Aim of the task -> Starting at the line that contains "PS5 Digital Slim" and ending at the line that contains "25 Jacobs Landing Way, Secaucus, NJ 07094", the lines below are to be given again exactly, with nothing added.

Task data ->
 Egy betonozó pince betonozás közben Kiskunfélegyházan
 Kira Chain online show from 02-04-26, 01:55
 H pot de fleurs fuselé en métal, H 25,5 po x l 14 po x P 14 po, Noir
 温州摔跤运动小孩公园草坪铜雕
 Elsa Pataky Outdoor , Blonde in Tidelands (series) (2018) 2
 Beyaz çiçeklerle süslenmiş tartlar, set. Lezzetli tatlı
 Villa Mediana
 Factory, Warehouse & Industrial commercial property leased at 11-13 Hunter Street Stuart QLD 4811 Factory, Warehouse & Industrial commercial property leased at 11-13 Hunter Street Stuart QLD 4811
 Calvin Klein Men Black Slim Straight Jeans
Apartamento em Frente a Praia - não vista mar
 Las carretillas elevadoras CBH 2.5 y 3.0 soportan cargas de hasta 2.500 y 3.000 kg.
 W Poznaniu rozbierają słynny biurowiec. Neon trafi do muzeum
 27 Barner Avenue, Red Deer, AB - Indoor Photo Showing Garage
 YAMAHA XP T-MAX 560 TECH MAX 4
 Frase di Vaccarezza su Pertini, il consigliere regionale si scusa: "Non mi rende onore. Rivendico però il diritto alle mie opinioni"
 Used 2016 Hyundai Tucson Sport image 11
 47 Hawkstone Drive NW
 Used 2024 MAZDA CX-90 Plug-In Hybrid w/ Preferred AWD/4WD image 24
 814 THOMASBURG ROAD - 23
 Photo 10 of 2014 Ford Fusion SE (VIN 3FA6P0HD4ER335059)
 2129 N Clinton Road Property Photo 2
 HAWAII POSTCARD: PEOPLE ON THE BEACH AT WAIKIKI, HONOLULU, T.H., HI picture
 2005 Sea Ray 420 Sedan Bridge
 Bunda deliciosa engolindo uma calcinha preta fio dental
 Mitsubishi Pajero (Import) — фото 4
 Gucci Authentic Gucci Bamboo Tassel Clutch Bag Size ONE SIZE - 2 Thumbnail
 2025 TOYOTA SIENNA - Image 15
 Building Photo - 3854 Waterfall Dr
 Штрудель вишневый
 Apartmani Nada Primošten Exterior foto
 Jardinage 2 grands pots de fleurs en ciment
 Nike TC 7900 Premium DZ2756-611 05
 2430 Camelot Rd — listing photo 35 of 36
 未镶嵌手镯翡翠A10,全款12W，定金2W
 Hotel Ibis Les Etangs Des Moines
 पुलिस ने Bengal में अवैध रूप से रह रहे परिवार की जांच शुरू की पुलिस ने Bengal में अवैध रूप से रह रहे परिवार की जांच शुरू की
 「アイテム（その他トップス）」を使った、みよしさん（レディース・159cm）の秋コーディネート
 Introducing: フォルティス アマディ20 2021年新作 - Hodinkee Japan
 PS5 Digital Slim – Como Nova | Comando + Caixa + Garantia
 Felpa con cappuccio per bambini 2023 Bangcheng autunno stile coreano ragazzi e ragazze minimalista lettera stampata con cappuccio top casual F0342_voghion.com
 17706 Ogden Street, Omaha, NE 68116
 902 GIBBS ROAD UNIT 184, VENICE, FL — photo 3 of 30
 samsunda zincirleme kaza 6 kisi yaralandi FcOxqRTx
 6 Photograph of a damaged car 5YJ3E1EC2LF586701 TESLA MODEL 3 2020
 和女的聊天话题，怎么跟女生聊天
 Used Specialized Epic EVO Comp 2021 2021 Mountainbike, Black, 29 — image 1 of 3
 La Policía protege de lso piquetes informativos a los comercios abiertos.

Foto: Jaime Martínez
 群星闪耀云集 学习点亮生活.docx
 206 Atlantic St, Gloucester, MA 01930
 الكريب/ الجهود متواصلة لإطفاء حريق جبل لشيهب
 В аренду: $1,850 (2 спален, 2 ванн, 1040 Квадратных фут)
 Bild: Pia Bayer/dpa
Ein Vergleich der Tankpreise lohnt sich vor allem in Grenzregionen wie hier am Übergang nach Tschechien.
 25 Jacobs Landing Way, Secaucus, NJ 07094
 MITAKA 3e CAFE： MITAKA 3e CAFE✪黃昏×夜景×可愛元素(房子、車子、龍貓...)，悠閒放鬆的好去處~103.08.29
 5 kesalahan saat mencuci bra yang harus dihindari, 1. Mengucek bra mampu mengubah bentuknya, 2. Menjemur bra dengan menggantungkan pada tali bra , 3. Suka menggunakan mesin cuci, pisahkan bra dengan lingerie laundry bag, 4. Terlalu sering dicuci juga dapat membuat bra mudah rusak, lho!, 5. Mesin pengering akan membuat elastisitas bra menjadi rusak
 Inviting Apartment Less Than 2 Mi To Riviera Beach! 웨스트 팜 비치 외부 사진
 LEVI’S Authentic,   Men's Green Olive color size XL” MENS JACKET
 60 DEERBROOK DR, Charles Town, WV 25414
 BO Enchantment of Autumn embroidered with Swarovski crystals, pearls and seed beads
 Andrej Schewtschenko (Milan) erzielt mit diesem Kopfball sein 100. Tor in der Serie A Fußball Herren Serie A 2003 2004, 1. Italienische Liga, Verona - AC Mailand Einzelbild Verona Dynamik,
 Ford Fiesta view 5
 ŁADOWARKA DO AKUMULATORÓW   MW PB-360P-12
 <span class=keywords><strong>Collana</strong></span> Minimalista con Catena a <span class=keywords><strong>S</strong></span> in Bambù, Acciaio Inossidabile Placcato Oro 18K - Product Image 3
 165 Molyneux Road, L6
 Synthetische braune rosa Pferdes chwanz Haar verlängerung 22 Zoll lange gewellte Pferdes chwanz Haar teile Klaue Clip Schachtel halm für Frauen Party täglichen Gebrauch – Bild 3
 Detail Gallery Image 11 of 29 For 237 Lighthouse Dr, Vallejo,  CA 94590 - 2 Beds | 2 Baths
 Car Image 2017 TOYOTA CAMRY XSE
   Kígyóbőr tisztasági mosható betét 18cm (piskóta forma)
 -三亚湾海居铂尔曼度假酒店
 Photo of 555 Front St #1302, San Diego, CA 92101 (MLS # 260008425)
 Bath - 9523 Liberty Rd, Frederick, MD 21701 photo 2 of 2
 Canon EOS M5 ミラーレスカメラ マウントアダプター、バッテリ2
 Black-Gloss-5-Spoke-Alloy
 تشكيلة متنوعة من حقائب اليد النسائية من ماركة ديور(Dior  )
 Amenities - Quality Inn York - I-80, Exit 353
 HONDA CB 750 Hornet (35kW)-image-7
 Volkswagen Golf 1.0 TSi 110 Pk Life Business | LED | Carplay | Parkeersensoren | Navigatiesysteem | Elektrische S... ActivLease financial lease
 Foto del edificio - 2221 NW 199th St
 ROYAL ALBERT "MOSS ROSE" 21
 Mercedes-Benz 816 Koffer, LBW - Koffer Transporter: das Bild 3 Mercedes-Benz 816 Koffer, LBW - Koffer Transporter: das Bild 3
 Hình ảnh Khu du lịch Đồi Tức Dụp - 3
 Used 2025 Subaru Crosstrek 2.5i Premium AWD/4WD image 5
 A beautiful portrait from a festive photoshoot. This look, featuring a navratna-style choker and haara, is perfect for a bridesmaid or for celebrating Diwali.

Response to this task ->
 PS5 Digital Slim – Como Nova | Comando + Caixa + Garantia
 Felpa con cappuccio per bambini 2023 Bangcheng autunno stile coreano ragazzi e ragazze minimalista lettera stampata con cappuccio top casual F0342_voghion.com
 17706 Ogden Street, Omaha, NE 68116
 902 GIBBS ROAD UNIT 184, VENICE, FL — photo 3 of 30
 samsunda zincirleme kaza 6 kisi yaralandi FcOxqRTx
 6 Photograph of a damaged car 5YJ3E1EC2LF586701 TESLA MODEL 3 2020
 和女的聊天话题，怎么跟女生聊天
 Used Specialized Epic EVO Comp 2021 2021 Mountainbike, Black, 29 — image 1 of 3
 La Policía protege de lso piquetes informativos a los comercios abiertos.

Foto: Jaime Martínez
 群星闪耀云集 学习点亮生活.docx
 206 Atlantic St, Gloucester, MA 01930
 الكريب/ الجهود متواصلة لإطفاء حريق جبل لشيهب
 В аренду: $1,850 (2 спален, 2 ванн, 1040 Квадратных фут)
 Bild: Pia Bayer/dpa
Ein Vergleich der Tankpreise lohnt sich vor allem in Grenzregionen wie hier am Übergang nach Tschechien.
 25 Jacobs Landing Way, Secaucus, NJ 07094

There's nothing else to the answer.